Empathy's Swan Song ... Part II

The GOP is at it again, from Rush Limbaugh calling Sandra Fluke a "slut" and a "prostitute," for arguing that Georgetown should cover contraception (Slate), to Minnesota State Representative Mary Franson comparing food stamp recipients to feeding wild animals (Crooks & Liars), the party appears to jumping over the deep end in vilifying the poor, immigrants and woman -- three pretty big constituencies (lest us forget gays as well). And as they have become so adept at, they actually play the victim card in claiming that they are the ones suffering for our attempts to end racial inequality, provide equal rights to all or help those who are suffering the most in the country. It has often been said that you can judge a society by how they treat their most marginalized populations, and if Republicans get their way, we will soon be telling them to eat cake (if they can find it dumpster diving, that is). 

Rick Santorum invoked the "Christian victim" narrative in responding to criticism of his support for the birth control bill that just failed by a few votes last week arguing: "We hear so much about the left wanting to separate church and state. Well, how about the separation of church and state when the state wants to force the church and people who are believers into doing something that they don't want to do." (C&L) He continued by claiming, ""I'm reflecting the views of the Church that I believe in. We used to be tolerant of those beliefs. I guess now when you have beliefs that are consistent with the church, you are somehow out of touch with the mainstream.
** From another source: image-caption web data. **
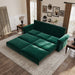 Chesterfield Sofa,93.7" King Pull Out Sofa Bed, 3-in-1 Velvet Convertible Sleeper Sofa with Nailhead Trim & Rolled Arm,Multi-Functional Sofa Bed for Living Room,Bedroom,Apartment,Office,Green - DTYStore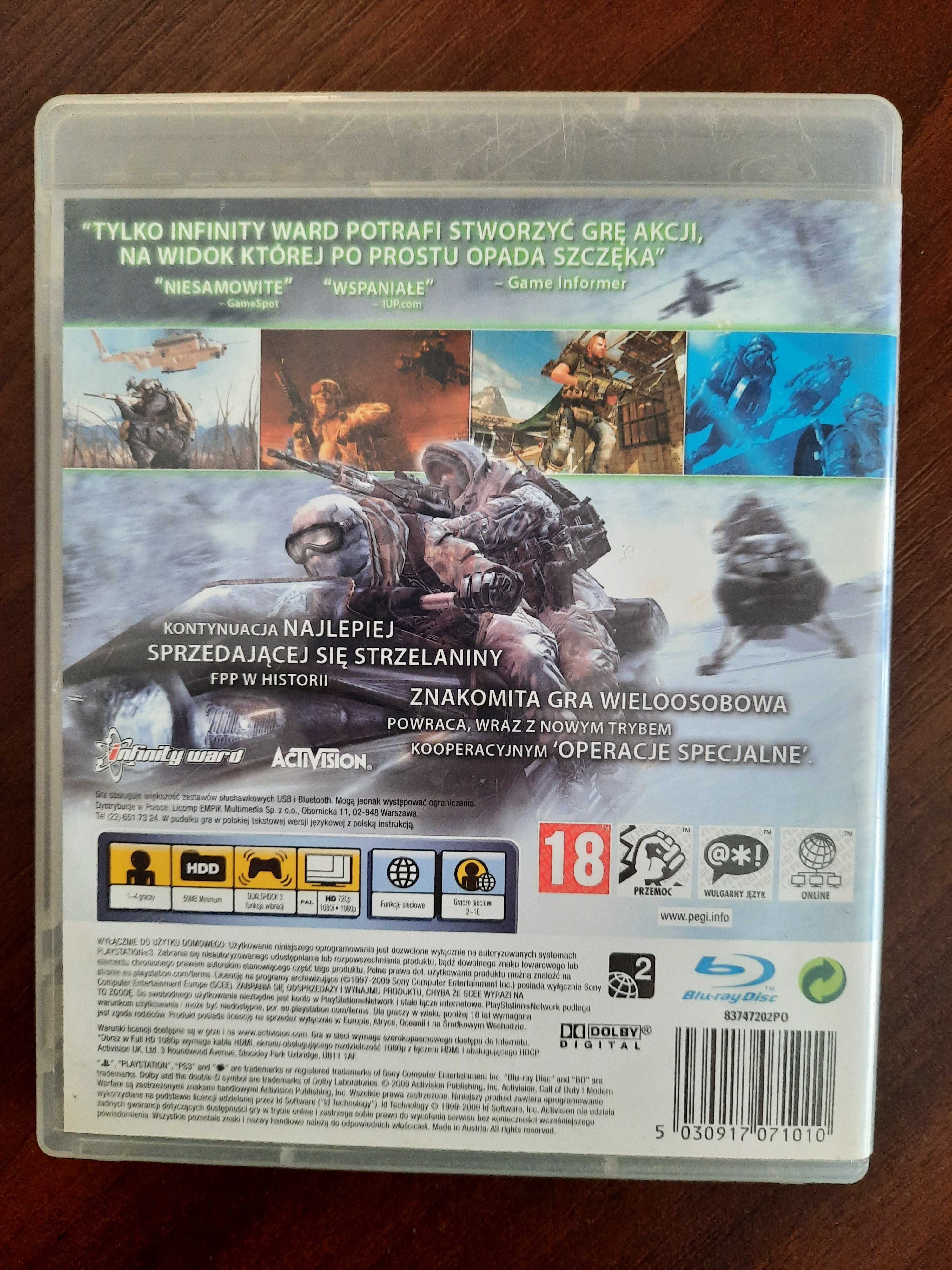 Call of Duty Modern Warfare 2 PS3 Polska Wersja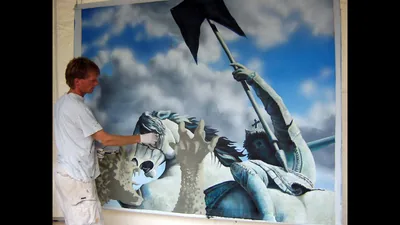 Artwalk San Diego - John Hiemstra, scenic artist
And that to me is a pretty sad situation when you can't have personally-held beliefs." Well first, yes you are out of touch with the mainstream, the twenty-first century and most of the world's population. But to claim that someone can refuse service because of their beliefs is simply absurd, and does harken back to the founding fathers and their belief that neither the church, a monarch or one branch of government should have too much power. For Christians to be able to refuse to provide birth control would be like a 7-11 telling blacks they can't buy candy there, or a doctor refusing to provide emergency service to a Jew or Muslim or a car salesman refusing to sell cars to a gay man. Aren't we passed this silliness yet? Well, not in the U.S. and, when it comes to immigrant groups across Europe, not there either.

The most troubling aspect of this debate is the underlying lack of compassion or empathy for those whose beliefs are different than yours. The OWS protesters were just bitter losers, those who fight for affirmative action are just trying to use race to gain unfair advantage and the poor, of course, are always to blame for their own problems. From the corporate boardrooms to Wall Street to conservative pundits and politicians we see a move away from concern for anyone except those who hold the same beliefs as you. And it begs the question of whether the Internet and new media have actually facilitated people becoming even more insular, and ignoring anyone who disagrees with them -- reorienting their anger towards those at the bottom of the economic order and anyone that thinks or behaves differently. And this has always been the problem with organized religion and fundamentalisms of any kind -- they don't just live a certain way, they believe everyone should live a certain way. The inability to see the hypocrisy of screaming for corporate and market freedom while they try to legislate what people do in their bedrooms has always fascinated and troubled me, but the level of vitriol and absurdity that the debate has taken on today makes me wonder if the entire country hasn't lost their minds!